Our study has several strengths. Firstly, it is among the limited number of systematic MR studies that utilize blood metabolites as exposures to evaluate their causal impact on breast cancer risk. Secondly, this MR study utilized data from two extensive GWAS, enabling us to draw valid causal conclusions with robust statistical power. Thirdly, the study adhered to rigorous quality control measures and included a variety of sensitivity analyses and validity assessments, ensuring the stability and reliability of the results.

This study also has limitations.

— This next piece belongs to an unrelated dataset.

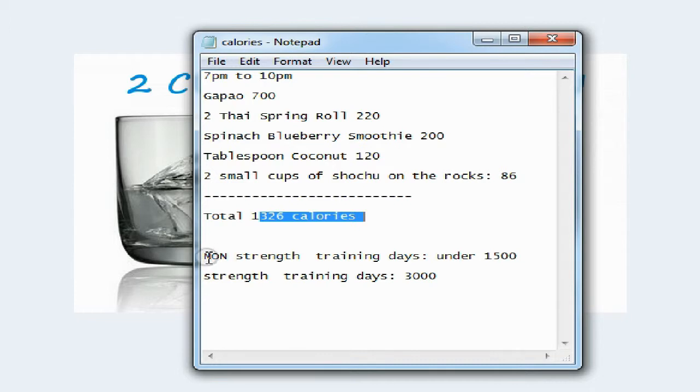The rule I made for myself: on non-strength training days, my calorie intake should be under 1,500. On strength training days — about three times a week this month — I'll eat around 3,000 calories. If I feel low on energy I might increase it to 3,500. I'll adjust depending on how I feel.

Firstly, the GWAS data used were solely from white European populations, thus limiting the generalizability of our findings to other racial and ethnic groups. Further research is necessary to confirm whether our results are applicable to other populations. Secondly, the lack of detailed demographic information, such as age and gender, in the extracted data prevented subgroup analyses from being conducted. In addition, due to constraints in time and funding, experimental validation was not performed.

In conclusion, this systematic meta-analysis identified serine, 10-undecenoate (11:1n1), X-12696, X-14626, and succinyl carnitine as potential biomarkers for predicting the risk of developing breast cancer. Specifically, serine and the previously unidentified blood metabolite X-12696 demonstrated the most significant associations with breast cancer prognosis.